Un parcours du combattant
La procréation assistée vient avec son lot de souffrances physiques et psychologiques. La prise d’hormones chamboule notamment les émotions, un déséquilibre qui a été très difficile pour Karima. « C’était extrêmement dur sur le moral, j’ai cru que j’allais m’ouvrir les veines », confie-t-elle. Sophie quant à elle a subi des crampes très douloureuses qui l’ont amené plusieurs fois à l’hôpital au début de son processus. « On s’habitue et le but ultime en vaut la peine », lance-t-elle.
Les difficultés psychologiques ont été aussi une place importante dans cette démarche. Emmanuelle par exemple n’a pas ressenti de support ou de bienveillance, notamment du côté du corps médical. « C’est un gros business, j’avais 2 minutes pour leur parler, j’étais juste un numéro de plus. Je suis mieux accueillie chez mon dentiste », se désolait-elle avant de changer de clinique. Un constat douloureux qui a aussi été vécu par Karima avant qu’elle ne décide de trouver un autre endroit. Toutes les trois confient aussi que la peur de l’échec à chaque essai est très difficile à gérer. Cela engendre beaucoup de stress, d’anxiété et de déception.

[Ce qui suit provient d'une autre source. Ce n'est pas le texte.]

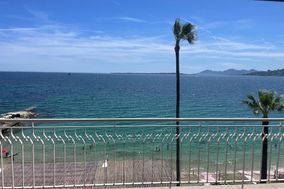 Appartement à louer, 35m², Antibes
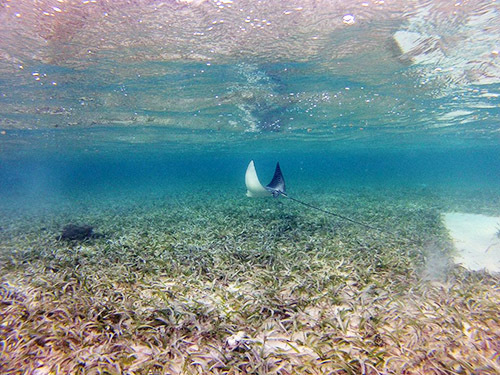 Roatan Marine Life Shore Excursion Prices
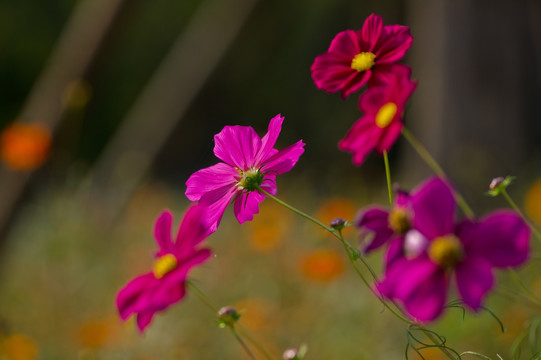 波斯菊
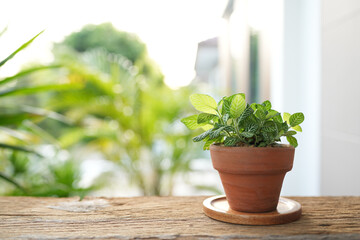 Nerve plant, Fittonia albivenis potted plant on rustic wooden table, garden view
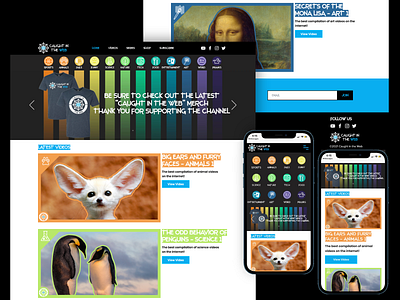 Caught in the Web Website animals blue branding design desktop graphic design icon logo mobile ui ui design vector web website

Les trois femmes s’accordent tout de même sur le soutien psychologique que permettent certains groupes Facebook notamment de femmes qui entreprennent le même procédé. Les amis, l’entourage et les collègues aussi de se sentir moins seule. « C’est chouette de sentir du soutien, mais la plupart des gens ne se rendent pas compte de toutes les étapes que ça implique. Certaines ne prenaient finalement pas beaucoup de nouvelles, ça m’a parfois déçue », avoue Emmanuelle.
La famille, qui est loin pour ces expatriées, soutient aussi la démarche. Une distance qui est tout de même très difficile à combler pour Karima. « Même si elle peut venir quelque temps, elle ne sera pas là jusqu’au moment de l’école, ça va être un challenge d’être seule », ajoute-t-elle. Emmanuelle aussi espère que sa mère pourra lui rendre visite au Canada lors de l’accouchement et des mois qui suivent. « Je pense que c’est l’étape la plus difficile, d’être complètement seule avec un bébé alors j’espère qu’elle pourra m’aider à me faire à manger, à être présente, à s’occuper de moi un peu », confie Emmanuelle.
Malgré les obstacles, toutes trois se disent ravies de vivre dans un pays qui a rendu leur rêve d’enfant possible et convaincues que, malgré les réticences, la PMA pour toutes deviendra bientôt réalité en France également.